Parameters: output¶ (Union[Tensor, Dict[str, Any], None]) – the output of the validation step
Return type: Union[Tensor, Dict[str, Any], None]

property lightning_module: pytorch_lightning.core.lightning.LightningModule¶

Returns the pure LightningModule.

To get the potentially wrapped model use Accelerator.model

Return type: LightningModule

property model: torch.nn.modules.module.Module¶

Returns the model.

This can also be a wrapped LightningModule. For retrieving the pure LightningModule use Accelerator.lightning_module

Return type: Module

property restore_checkpoint_after_pre_dispatch: bool¶

Override to delay restoring from checkpoint till after pre-dispatch. This is useful when the plugin requires all the setup hooks to run before loading checkpoint.

Deprecated since version v1.5: This property is deprecated in v1.5 and will be removed in v1.6. Please call training_type_plugin.restore_checkpoint_after_pre_dispatch directly.

Return type: bool
Returns: If true, restore checkpoint after pre_dispatch.

property results: Any¶

The results of the last run will be cached within the training type plugin.

Deprecated since version v1.5: This property is deprecated in v1.5 and will be removed in v1.6. Please call training_type_plugin.results directly.

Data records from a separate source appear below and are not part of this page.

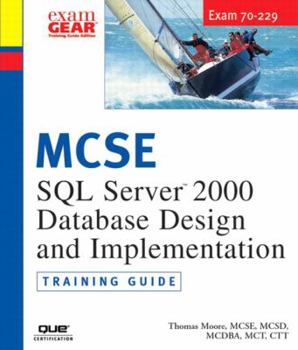 Hardcover McDba/McSe/McSd/McAd 70-229 Training Guide: SQL Server 2000 Database Design and Implementation [With CDROM] Book
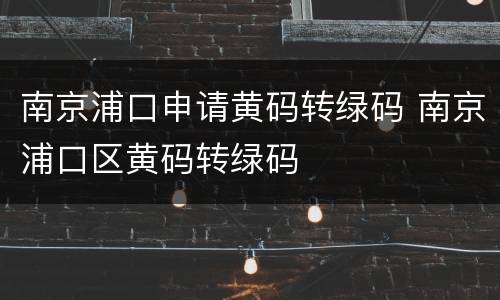 南京浦口申请黄码转绿码 南京浦口区黄码转绿码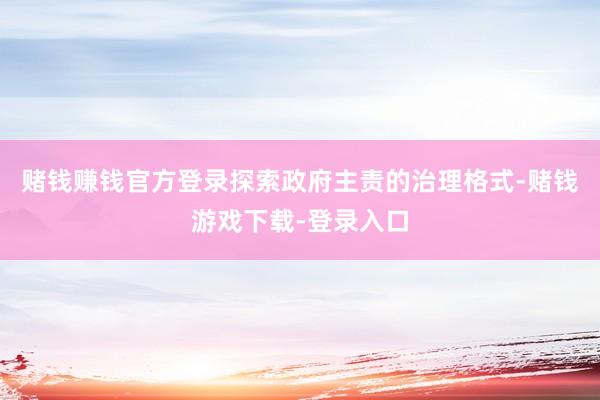 赌钱赚钱官方登录探索政府主责的治理格式-赌钱游戏下载-登录入口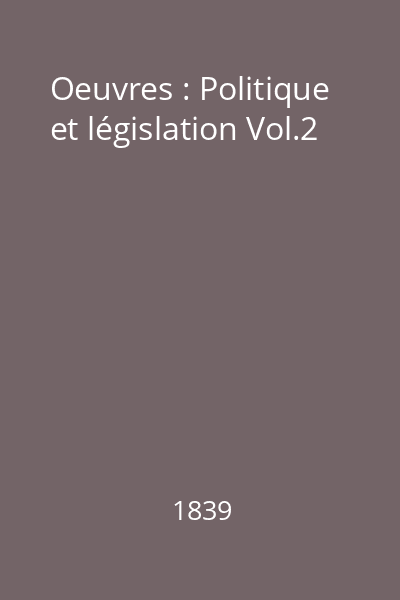 Oeuvres : Politique et législation Vol.2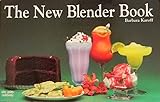 The New Blender Book (Nitty Gritty Cookbooks) by 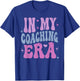 Groovy Coaching, In My Coaching Era, Retro Sports Coach T-Shirt - T-Shirt | Royal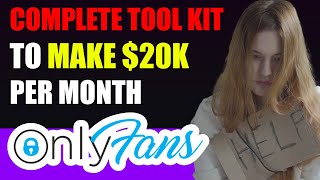 Use these TOOLS to make 20K per Month On ONLYFANS [upl. by Wsan553]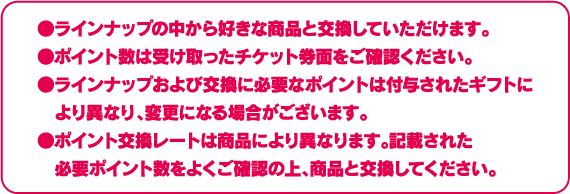 ●ラインナップの中から好きな商品と交換していただけます。●ポイント数は受け取ったチケット券面をご確認ください。●ラインナップおよび交換に必要なポイントは付与されたギフトにより異なり、変更になる場合がございます。●ポイント交換レートは商品により異なります。記載された必要ポイント数をよくご確認の上、商品と交換してください。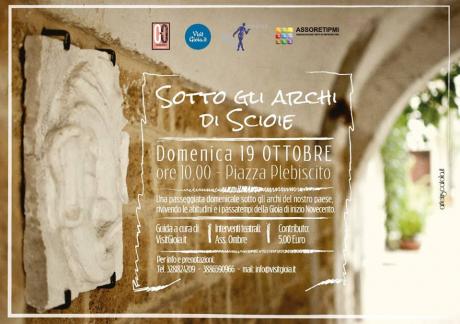Sotto gli archi di Scioie - visita guidata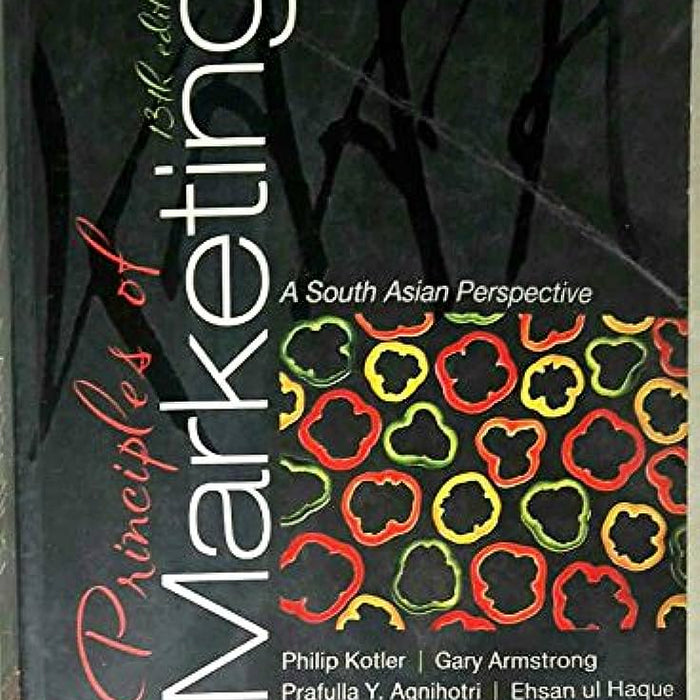 Principles Of Marketing 13th Edition A South Asian Perspective Principles Of Marketing 13th Edition A South Asian Perspective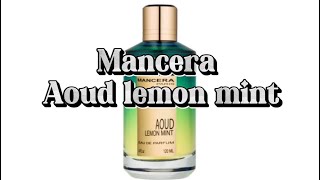 Mancera Aoud Lemon mint [upl. by Hess]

In distributed training, we make sure to transfer the results to the appropriate master process.

Return type: Any

property root_device: torch.device¶

Returns the root device.

Return type: device

property setup_optimizers_in_pre_dispatch: bool¶

Override to delay setting optimizers and schedulers till after dispatch. This is useful when the TrainingTypePlugin requires operating on the wrapped accelerator model. However this may break certain precision plugins such as APEX which require optimizers to be set.

Deprecated since version v1.5: This property is deprecated in v1.5 and will be removed in v1.6. Please call training_type_plugin.setup_optimizers_in_pre_dispatch directly.

Return type: bool
Returns: If True, delay setup optimizers until pre_dispatch, else call within setup.